→ GIVEN RECORDS:
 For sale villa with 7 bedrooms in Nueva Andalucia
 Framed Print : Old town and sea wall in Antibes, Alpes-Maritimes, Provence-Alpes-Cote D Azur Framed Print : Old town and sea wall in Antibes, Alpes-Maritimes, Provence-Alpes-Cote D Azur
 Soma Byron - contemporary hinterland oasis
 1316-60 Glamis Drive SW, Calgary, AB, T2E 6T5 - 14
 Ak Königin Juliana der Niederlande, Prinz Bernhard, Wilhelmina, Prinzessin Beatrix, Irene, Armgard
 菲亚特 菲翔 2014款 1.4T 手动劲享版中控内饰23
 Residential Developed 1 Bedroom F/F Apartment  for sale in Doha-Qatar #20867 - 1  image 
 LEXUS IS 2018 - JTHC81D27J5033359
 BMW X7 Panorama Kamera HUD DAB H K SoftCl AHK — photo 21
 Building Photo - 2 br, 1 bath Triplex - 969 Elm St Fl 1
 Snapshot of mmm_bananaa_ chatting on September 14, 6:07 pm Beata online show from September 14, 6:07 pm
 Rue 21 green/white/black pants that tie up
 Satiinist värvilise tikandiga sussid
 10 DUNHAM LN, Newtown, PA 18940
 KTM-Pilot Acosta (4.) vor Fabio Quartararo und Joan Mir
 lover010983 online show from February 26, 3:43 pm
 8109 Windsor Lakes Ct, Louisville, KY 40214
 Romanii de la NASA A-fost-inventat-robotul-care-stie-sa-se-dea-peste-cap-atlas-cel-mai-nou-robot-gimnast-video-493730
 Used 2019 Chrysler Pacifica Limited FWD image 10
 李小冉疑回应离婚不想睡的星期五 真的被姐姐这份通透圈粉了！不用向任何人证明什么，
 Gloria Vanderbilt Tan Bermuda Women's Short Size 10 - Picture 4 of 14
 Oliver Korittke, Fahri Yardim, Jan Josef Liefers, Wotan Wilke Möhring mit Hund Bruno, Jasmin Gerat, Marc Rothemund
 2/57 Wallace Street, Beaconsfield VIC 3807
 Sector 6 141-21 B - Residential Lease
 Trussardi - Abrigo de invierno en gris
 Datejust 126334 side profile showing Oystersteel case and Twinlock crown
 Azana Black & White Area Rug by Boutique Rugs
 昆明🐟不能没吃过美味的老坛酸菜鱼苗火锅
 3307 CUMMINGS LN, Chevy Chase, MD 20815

→ WHAT IS REQUIRED: Would you print all of the material above exactly as written?

→ TASK ANSWER:
 For sale villa with 7 bedrooms in Nueva Andalucia
 Framed Print : Old town and sea wall in Antibes, Alpes-Maritimes, Provence-Alpes-Cote D Azur Framed Print : Old town and sea wall in Antibes, Alpes-Maritimes, Provence-Alpes-Cote D Azur
 Soma Byron - contemporary hinterland oasis
 1316-60 Glamis Drive SW, Calgary, AB, T2E 6T5 - 14
 Ak Königin Juliana der Niederlande, Prinz Bernhard, Wilhelmina, Prinzessin Beatrix, Irene, Armgard
 菲亚特 菲翔 2014款 1.4T 手动劲享版中控内饰23
 Residential Developed 1 Bedroom F/F Apartment  for sale in Doha-Qatar #20867 - 1  image 
 LEXUS IS 2018 - JTHC81D27J5033359
 BMW X7 Panorama Kamera HUD DAB H K SoftCl AHK — photo 21
 Building Photo - 2 br, 1 bath Triplex - 969 Elm St Fl 1
 Snapshot of mmm_bananaa_ chatting on September 14, 6:07 pm Beata online show from September 14, 6:07 pm
 Rue 21 green/white/black pants that tie up
 Satiinist värvilise tikandiga sussid
 10 DUNHAM LN, Newtown, PA 18940
 KTM-Pilot Acosta (4.) vor Fabio Quartararo und Joan Mir
 lover010983 online show from February 26, 3:43 pm
 8109 Windsor Lakes Ct, Louisville, KY 40214
 Romanii de la NASA A-fost-inventat-robotul-care-stie-sa-se-dea-peste-cap-atlas-cel-mai-nou-robot-gimnast-video-493730
 Used 2019 Chrysler Pacifica Limited FWD image 10
 李小冉疑回应离婚不想睡的星期五 真的被姐姐这份通透圈粉了！不用向任何人证明什么，
 Gloria Vanderbilt Tan Bermuda Women's Short Size 10 - Picture 4 of 14
 Oliver Korittke, Fahri Yardim, Jan Josef Liefers, Wotan Wilke Möhring mit Hund Bruno, Jasmin Gerat, Marc Rothemund
 2/57 Wallace Street, Beaconsfield VIC 3807
 Sector 6 141-21 B - Residential Lease
 Trussardi - Abrigo de invierno en gris
 Datejust 126334 side profile showing Oystersteel case and Twinlock crown
 Azana Black & White Area Rug by Boutique Rugs
 昆明🐟不能没吃过美味的老坛酸菜鱼苗火锅
 3307 CUMMINGS LN, Chevy Chase, MD 20815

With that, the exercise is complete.